Given records START

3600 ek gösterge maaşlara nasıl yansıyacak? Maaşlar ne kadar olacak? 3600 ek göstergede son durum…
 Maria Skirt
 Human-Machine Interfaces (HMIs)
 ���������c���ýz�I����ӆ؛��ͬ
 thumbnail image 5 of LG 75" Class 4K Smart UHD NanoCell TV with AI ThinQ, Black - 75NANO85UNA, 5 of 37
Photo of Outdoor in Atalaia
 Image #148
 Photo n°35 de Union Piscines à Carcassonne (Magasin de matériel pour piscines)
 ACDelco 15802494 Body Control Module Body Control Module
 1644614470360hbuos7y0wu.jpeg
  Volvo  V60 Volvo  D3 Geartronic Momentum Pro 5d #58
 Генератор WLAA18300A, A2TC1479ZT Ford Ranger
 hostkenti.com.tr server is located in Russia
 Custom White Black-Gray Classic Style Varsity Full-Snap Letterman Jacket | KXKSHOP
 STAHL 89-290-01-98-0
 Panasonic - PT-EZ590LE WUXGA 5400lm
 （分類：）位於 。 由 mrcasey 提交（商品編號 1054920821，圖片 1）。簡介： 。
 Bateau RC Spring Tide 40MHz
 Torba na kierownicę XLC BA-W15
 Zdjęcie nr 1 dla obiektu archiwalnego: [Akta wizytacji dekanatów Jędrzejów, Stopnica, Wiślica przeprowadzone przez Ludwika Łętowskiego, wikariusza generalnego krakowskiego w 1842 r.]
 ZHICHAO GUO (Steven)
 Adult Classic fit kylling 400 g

Given records END

=== Try it ===
Write the entries out again, exactly and completely.

=== Task response ===
3600 ek gösterge maaşlara nasıl yansıyacak? Maaşlar ne kadar olacak? 3600 ek göstergede son durum…
 Maria Skirt
 Human-Machine Interfaces (HMIs)
 ���������c���ýz�I����ӆ؛��ͬ
 thumbnail image 5 of LG 75" Class 4K Smart UHD NanoCell TV with AI ThinQ, Black - 75NANO85UNA, 5 of 37
Photo of Outdoor in Atalaia
 Image #148
 Photo n°35 de Union Piscines à Carcassonne (Magasin de matériel pour piscines)
 ACDelco 15802494 Body Control Module Body Control Module
 1644614470360hbuos7y0wu.jpeg
  Volvo  V60 Volvo  D3 Geartronic Momentum Pro 5d #58
 Генератор WLAA18300A, A2TC1479ZT Ford Ranger
 hostkenti.com.tr server is located in Russia
 Custom White Black-Gray Classic Style Varsity Full-Snap Letterman Jacket | KXKSHOP
 STAHL 89-290-01-98-0
 Panasonic - PT-EZ590LE WUXGA 5400lm
 （分類：）位於 。 由 mrcasey 提交（商品編號 1054920821，圖片 1）。簡介： 。
 Bateau RC Spring Tide 40MHz
 Torba na kierownicę XLC BA-W15
 Zdjęcie nr 1 dla obiektu archiwalnego: [Akta wizytacji dekanatów Jędrzejów, Stopnica, Wiślica przeprowadzone przez Ludwika Łętowskiego, wikariusza generalnego krakowskiego w 1842 r.]
 ZHICHAO GUO (Steven)
 Adult Classic fit kylling 400 g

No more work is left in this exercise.